Right around the time we were talking more seriously about getting this done, Google released its 2018 August Core Algorithm Update. I, having done SEO consulting for about five years now, saw that the influence of entities (for instance, a person’s name) is deeply tied into how Google’s algorithm measures relevance. I explained all this to my wife, and it felt like we were in a strange sci-fi novel. Here we were, considering not changing her last name on the basis of maintaining algorithmic relevance… Today, she still goes by her own last name, and I can’t help but think we dodged some sort of bullet.
How to Change Your Name and Keep Your SEO Ranking
Now, if you’ve changed your name or plan on changing your name despite the strong SEO your name has garnered, all is not totally lost. Jason Martinez, an expert in SEO and online marketing, says, “speaking on behalf of the SEO community,” it’s not a bad idea for contemporary couples to consider their SEO before changing names.
For those who’ve made the jump already, though, he says there are a few things a newly married couple can do to “maintain their SEO equity.” (“I don’t know if I’ve just coined a term,” he wonders.)
Martinez explains: “I think the most important thing to remember, especially if a couple is changing domain names as well, is to 301-redirect all the old URLs to the new URLs.” In layman’s terms, this means if you have a website where the URL is your name, simply compile a list of your old URLs, and redirect them to your new website, with your new name. “You aren’t necessarily closing your old sites down because you want to keep the domain live,” he says. This way, “your servers know to send all that old domain traffic to your new domain.”

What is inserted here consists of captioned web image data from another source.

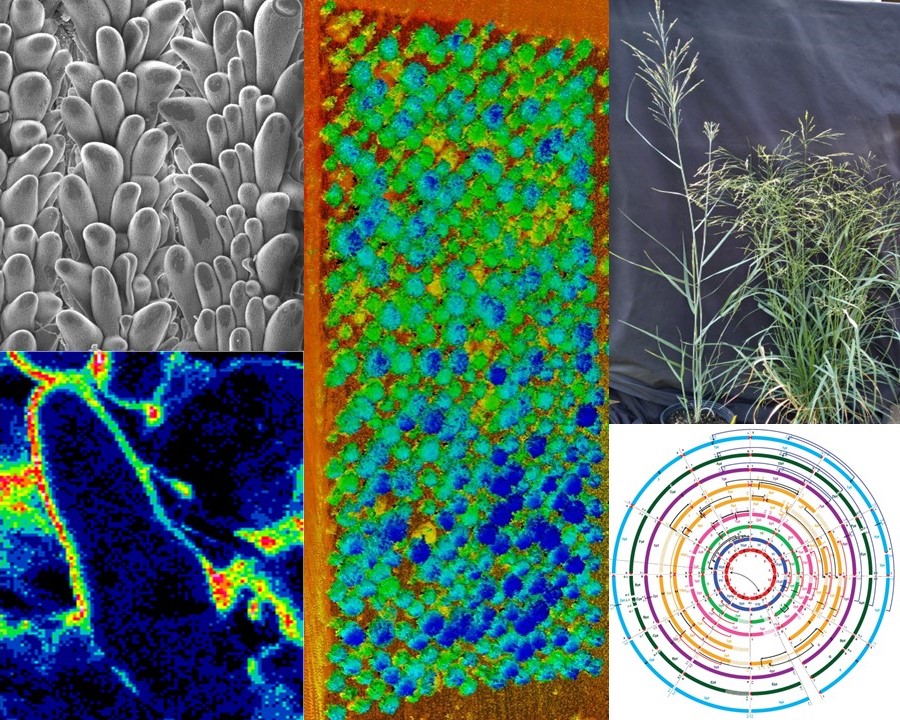 Tom Pendergast tweet media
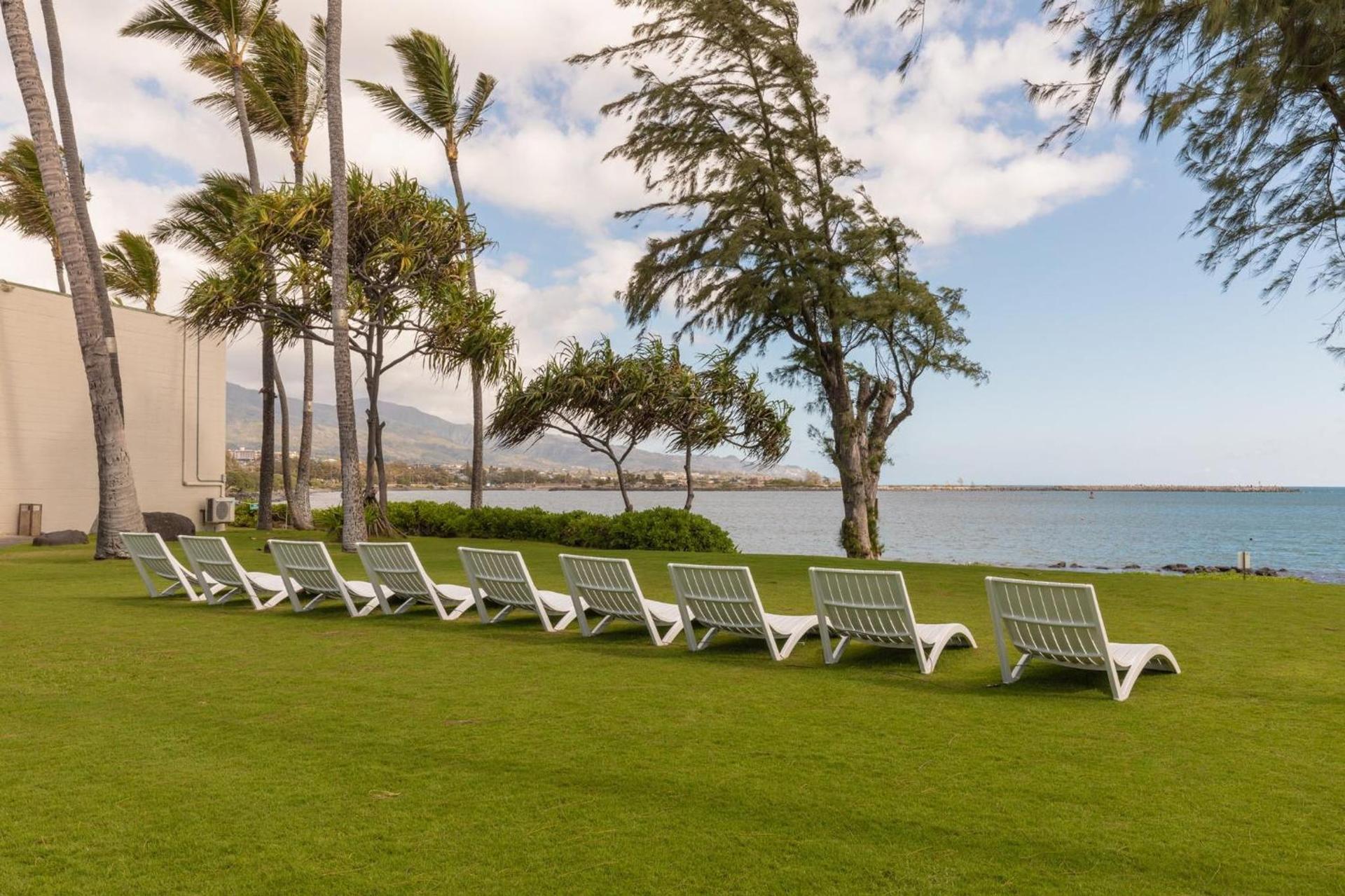 Maui Beach Hotel photo 68
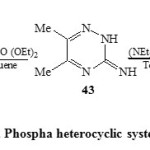 Scheme 11. Phospha heterocyclic systems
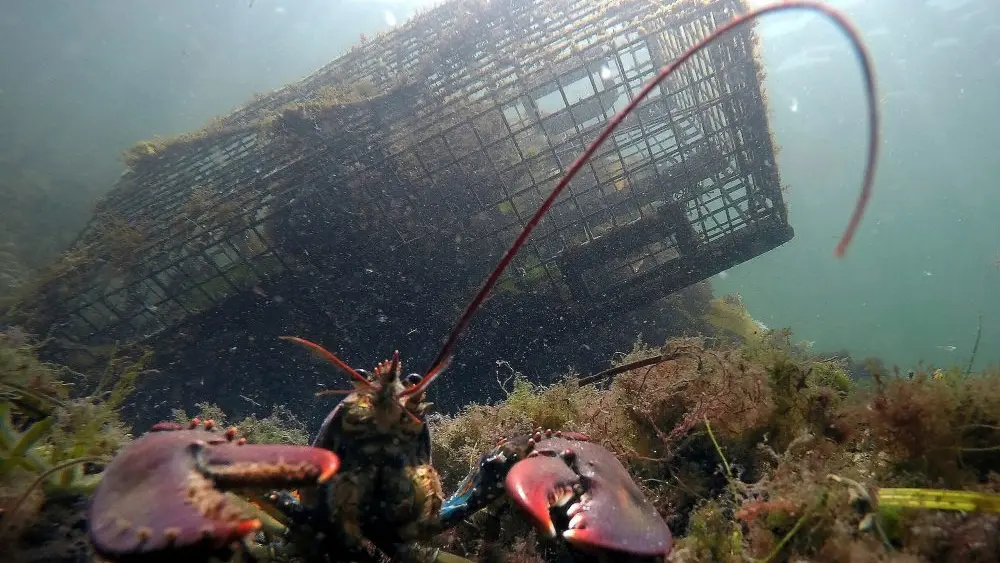 1772806697362177zxriuibiq1-apn72911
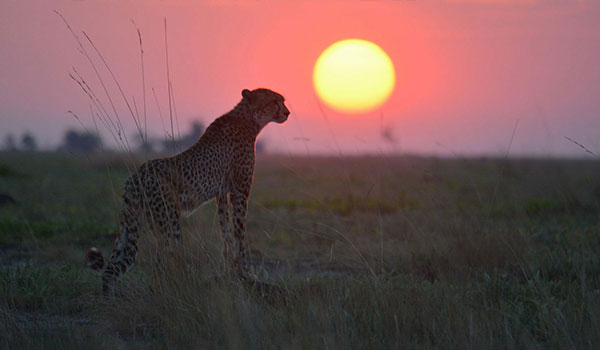 Liuwa National Park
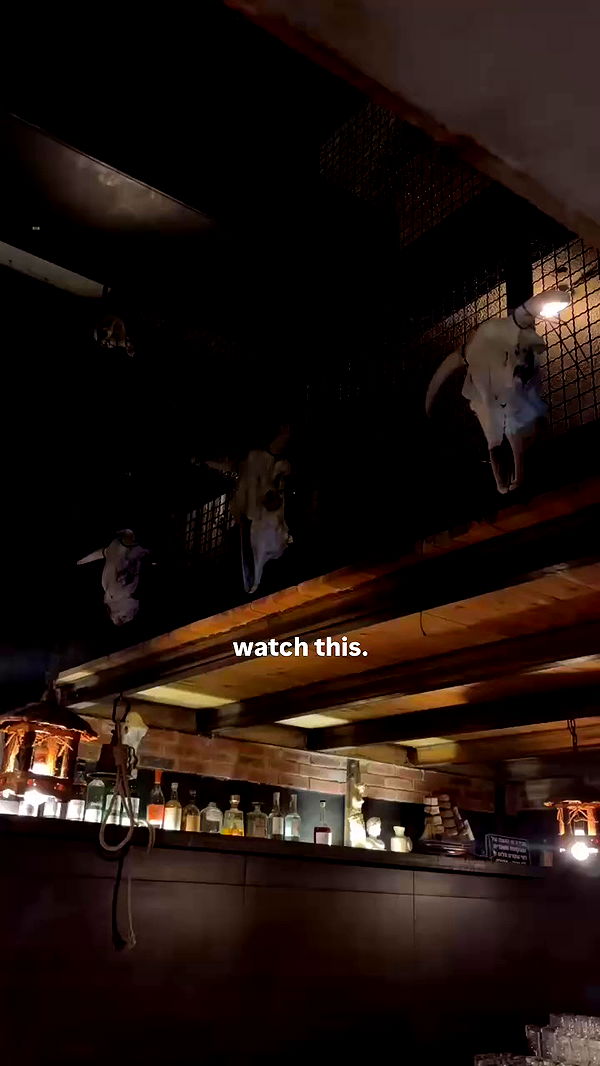 napopo_pub archive video preview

“This will allow a newly married couple to maintain all SEO rankings they’ve acquired, hold all link equity and basically communicate to Google they’ve changed names,” he says.
Martinez also advises the person who’s recently changed their name to write a blog post or a formal press release about the name change. “You are going to want to communicate this to customers and allow Google to begin associating the new name with your site,” he explains. “If you have any content on your site that mentions your previous name, you are going to want to do a little ‘find and replace’ with your new name. The same applies to any page titles and meta-descriptions that may contain your previous name. And people who use Google’s My Business should also change their name and update any pertinent information to match that of the new name.”
If done correctly, he says, “you should see no negative impact take place in terms of organic rankings.”
So you’ve got the online aspect of the name change taken care of. But what about the social side? For the men who traditionally don’t need to worry about a name-change, they can take a page from Taffel’s husband, Ryan Cohen.
“[Emily keeping her maiden name professionally] doesn’t bother me at all,” he tells MEL. “She had a career before we met and is a successful and strong woman. I wouldn’t take an ounce of that away from her. I love that we share the same last name legally and personally — the mail comes to Mr. & Mrs. Cohen — but I also love that she kept such a big part of herself as well.”